Your answer should contain only the lines from the top of the data below down through the one with "This is part", transcribed exactly and without pictures; please include nothing more.

=== Begin Enclosure ===

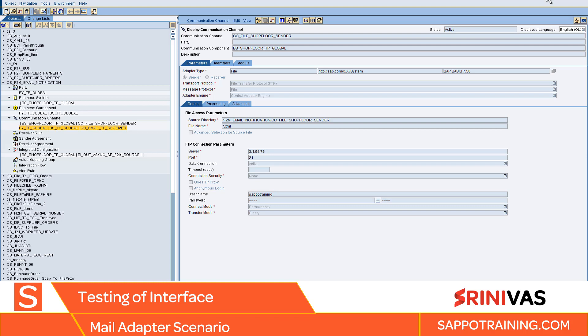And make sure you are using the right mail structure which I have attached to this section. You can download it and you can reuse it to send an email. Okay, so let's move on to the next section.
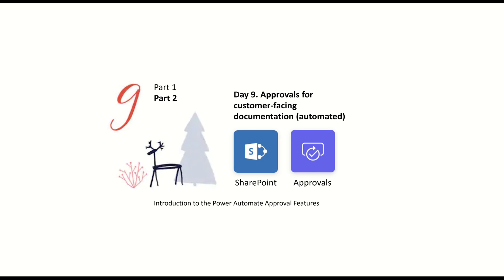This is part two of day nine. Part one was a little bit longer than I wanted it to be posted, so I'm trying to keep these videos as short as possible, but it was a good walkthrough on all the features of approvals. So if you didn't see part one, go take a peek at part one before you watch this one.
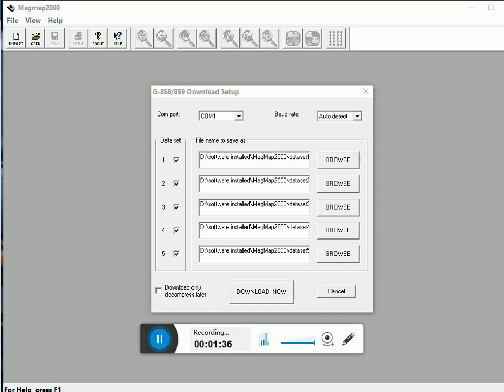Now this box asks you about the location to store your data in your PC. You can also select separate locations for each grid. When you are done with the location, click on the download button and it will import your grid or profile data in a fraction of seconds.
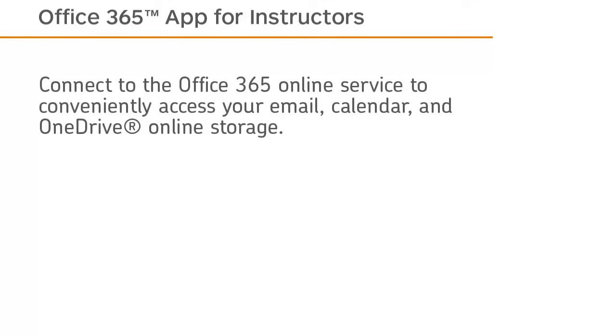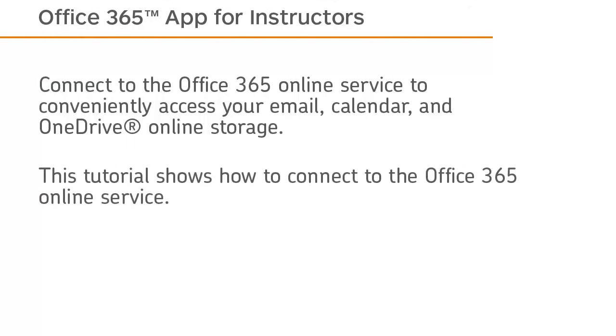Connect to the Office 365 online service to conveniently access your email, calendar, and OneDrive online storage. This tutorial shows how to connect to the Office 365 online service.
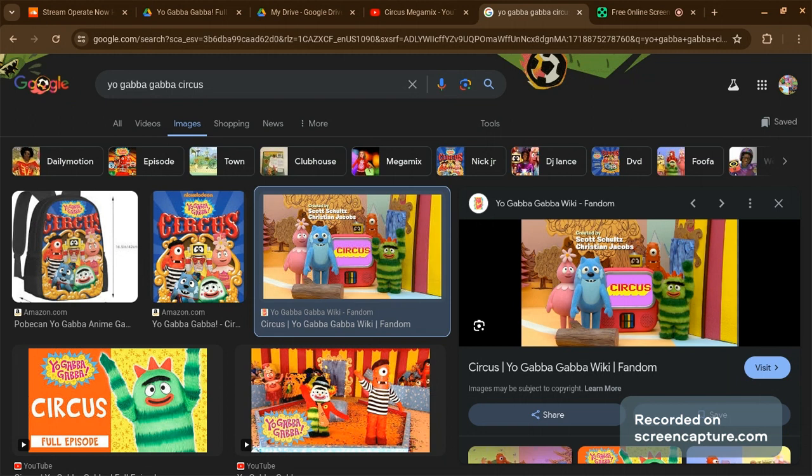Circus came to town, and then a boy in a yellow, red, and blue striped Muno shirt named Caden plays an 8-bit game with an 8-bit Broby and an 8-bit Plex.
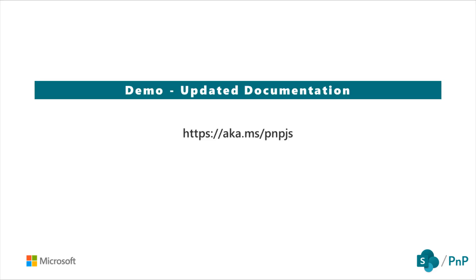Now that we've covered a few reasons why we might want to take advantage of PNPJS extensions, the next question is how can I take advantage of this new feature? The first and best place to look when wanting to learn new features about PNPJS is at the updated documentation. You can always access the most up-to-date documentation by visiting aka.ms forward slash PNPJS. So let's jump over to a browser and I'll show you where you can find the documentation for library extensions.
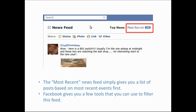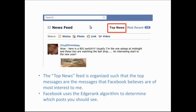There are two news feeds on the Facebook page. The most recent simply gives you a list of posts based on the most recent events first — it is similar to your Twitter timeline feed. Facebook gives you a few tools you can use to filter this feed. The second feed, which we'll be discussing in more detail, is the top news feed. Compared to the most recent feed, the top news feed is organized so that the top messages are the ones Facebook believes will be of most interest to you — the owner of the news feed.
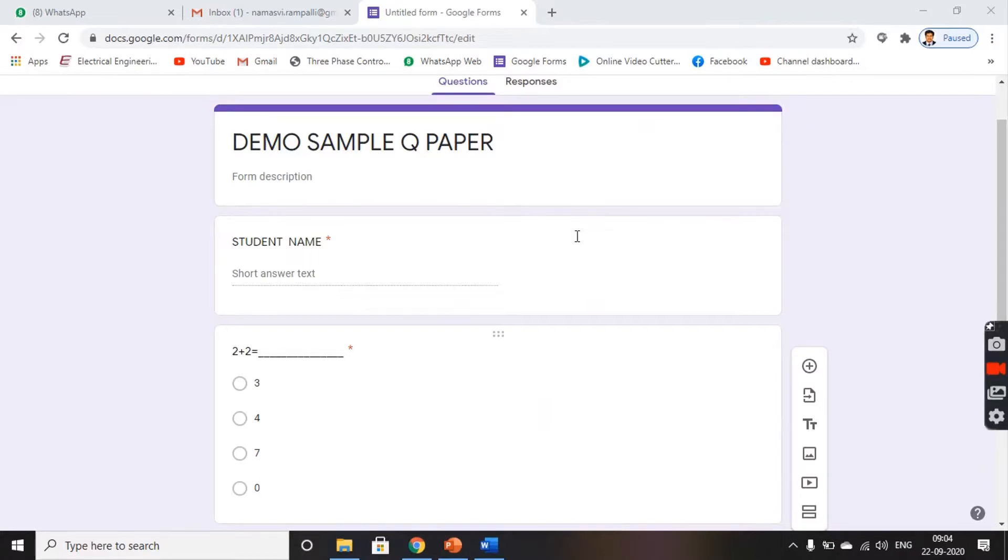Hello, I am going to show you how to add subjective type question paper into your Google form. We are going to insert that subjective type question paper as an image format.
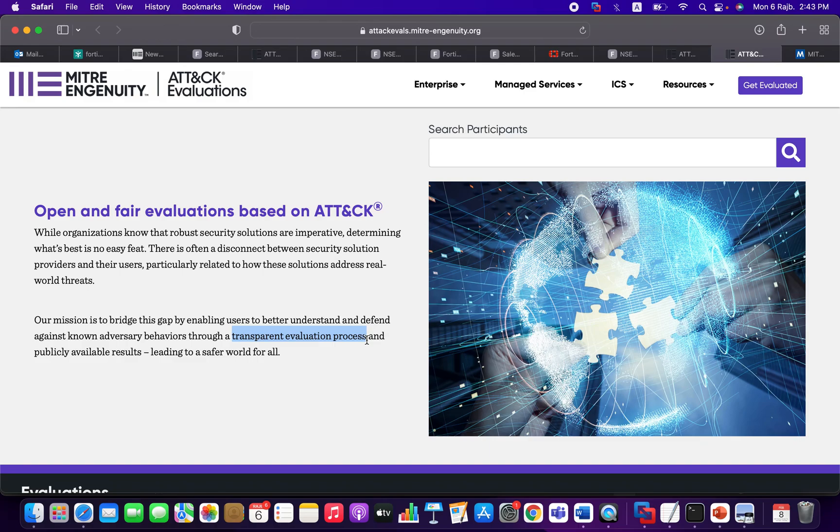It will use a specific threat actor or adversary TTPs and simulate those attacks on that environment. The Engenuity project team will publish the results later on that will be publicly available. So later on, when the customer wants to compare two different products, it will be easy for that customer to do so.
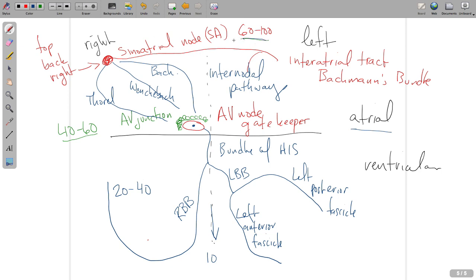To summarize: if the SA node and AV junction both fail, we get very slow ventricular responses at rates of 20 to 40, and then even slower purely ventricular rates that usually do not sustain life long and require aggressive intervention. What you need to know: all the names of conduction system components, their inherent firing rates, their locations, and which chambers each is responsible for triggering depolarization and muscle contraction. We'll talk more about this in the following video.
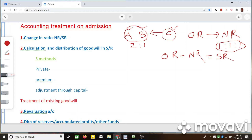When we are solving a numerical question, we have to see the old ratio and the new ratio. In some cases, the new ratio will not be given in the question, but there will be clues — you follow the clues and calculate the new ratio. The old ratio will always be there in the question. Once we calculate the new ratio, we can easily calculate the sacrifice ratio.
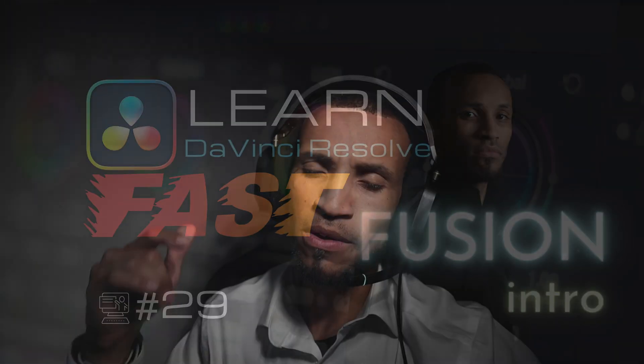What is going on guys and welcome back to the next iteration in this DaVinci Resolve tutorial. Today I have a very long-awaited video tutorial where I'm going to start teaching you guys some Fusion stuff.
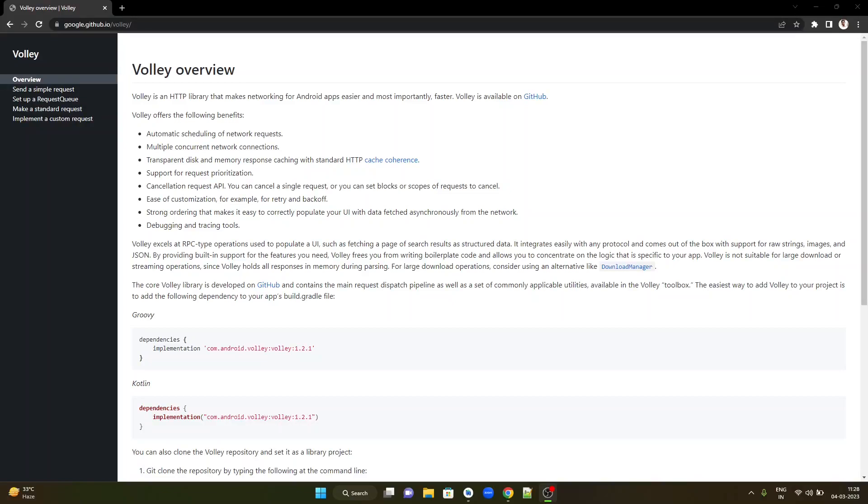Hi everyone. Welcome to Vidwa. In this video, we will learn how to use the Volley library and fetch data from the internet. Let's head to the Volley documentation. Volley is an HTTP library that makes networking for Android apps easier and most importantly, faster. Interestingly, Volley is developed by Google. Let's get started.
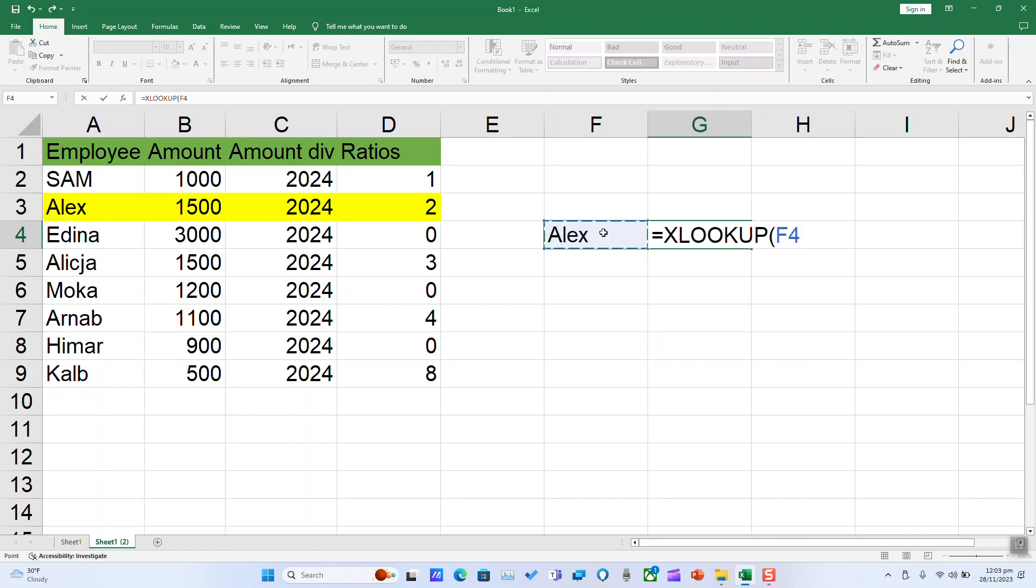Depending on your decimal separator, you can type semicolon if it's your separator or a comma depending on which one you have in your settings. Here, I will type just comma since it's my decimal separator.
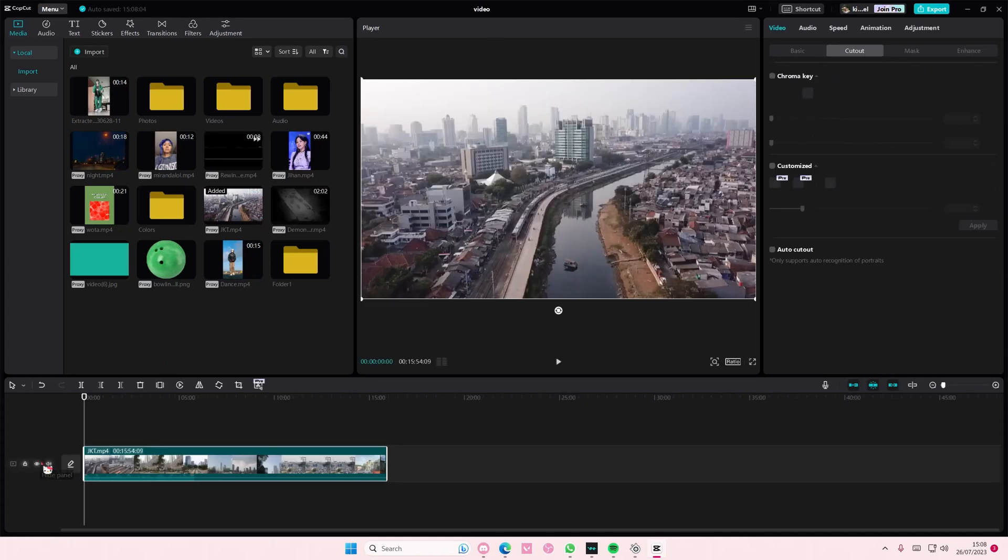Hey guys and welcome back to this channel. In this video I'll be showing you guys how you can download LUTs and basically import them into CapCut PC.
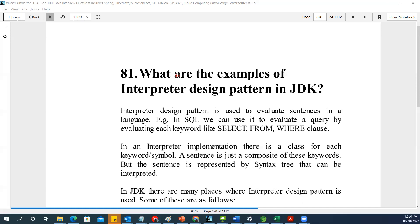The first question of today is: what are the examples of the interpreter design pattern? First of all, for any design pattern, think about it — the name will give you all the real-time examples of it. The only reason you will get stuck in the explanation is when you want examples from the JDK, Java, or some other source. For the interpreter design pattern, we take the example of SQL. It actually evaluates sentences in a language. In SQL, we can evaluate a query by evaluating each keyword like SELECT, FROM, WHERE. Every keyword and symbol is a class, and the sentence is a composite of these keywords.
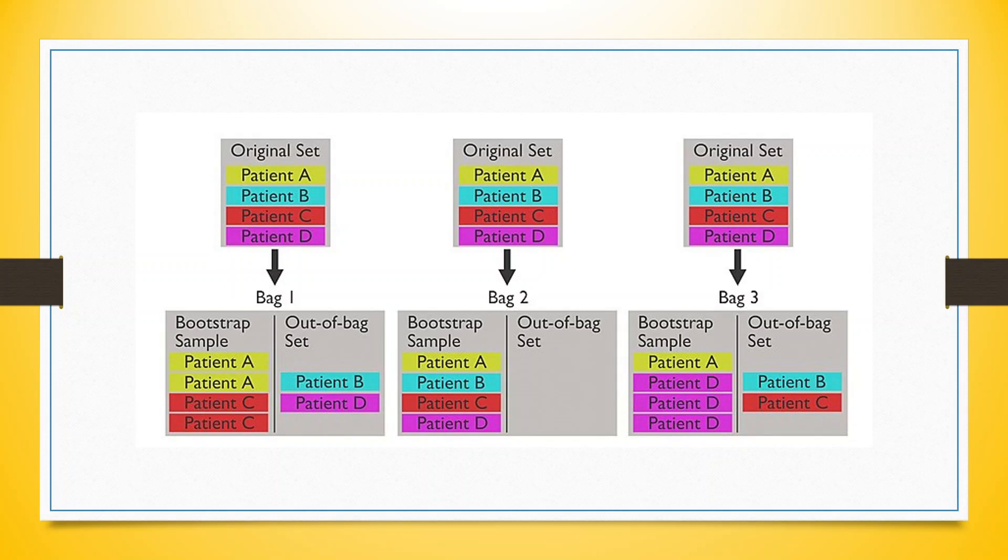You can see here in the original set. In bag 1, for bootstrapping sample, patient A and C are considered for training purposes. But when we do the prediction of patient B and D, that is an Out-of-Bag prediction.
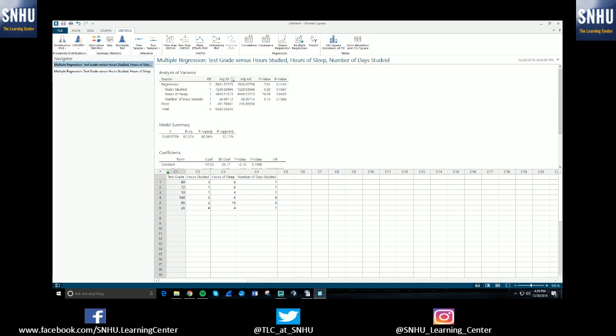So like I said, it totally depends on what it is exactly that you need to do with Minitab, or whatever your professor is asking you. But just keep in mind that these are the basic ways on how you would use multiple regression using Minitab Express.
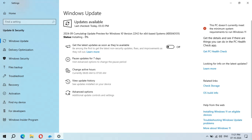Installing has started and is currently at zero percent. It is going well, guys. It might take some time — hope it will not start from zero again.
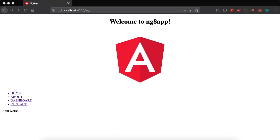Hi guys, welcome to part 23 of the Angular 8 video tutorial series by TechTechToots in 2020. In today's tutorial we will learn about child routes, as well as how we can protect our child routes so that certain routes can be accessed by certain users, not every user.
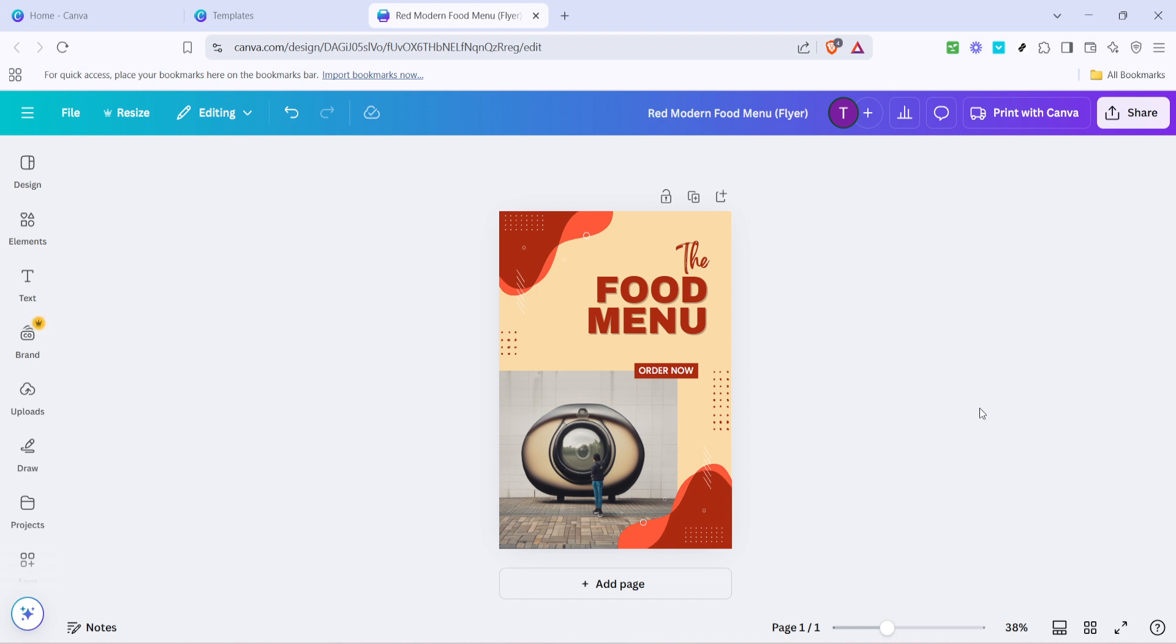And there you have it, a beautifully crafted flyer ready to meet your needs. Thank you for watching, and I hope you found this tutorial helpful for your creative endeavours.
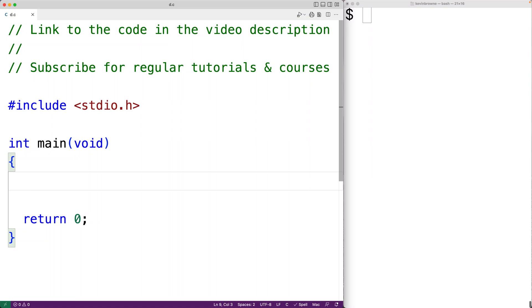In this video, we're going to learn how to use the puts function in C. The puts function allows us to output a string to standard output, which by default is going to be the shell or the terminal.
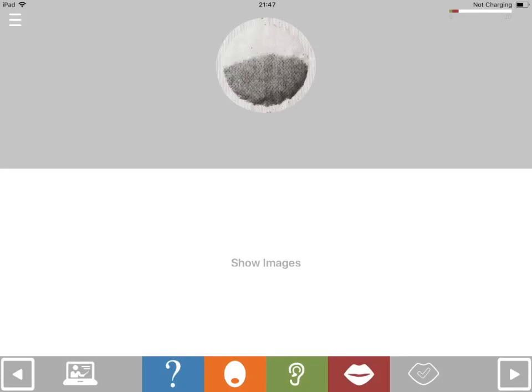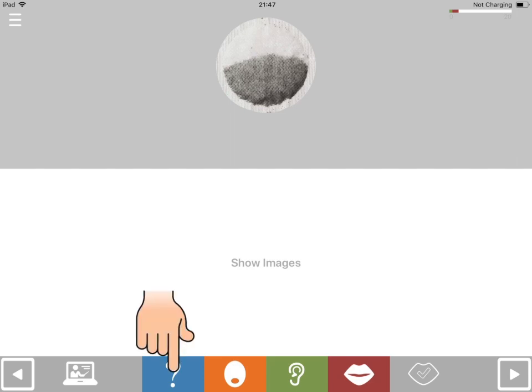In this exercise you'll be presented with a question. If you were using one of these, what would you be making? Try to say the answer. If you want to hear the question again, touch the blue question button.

=== End Enclosure ===

▸ Result
And make sure you are using the right mail structure which I have attached to this section. You can download it and you can reuse it to send an email. Okay, so let's move on to the next section.
This is part two of day nine. Part one was a little bit longer than I wanted it to be posted, so I'm trying to keep these videos as short as possible, but it was a good walkthrough on all the features of approvals. So if you didn't see part one, go take a peek at part one before you watch this one.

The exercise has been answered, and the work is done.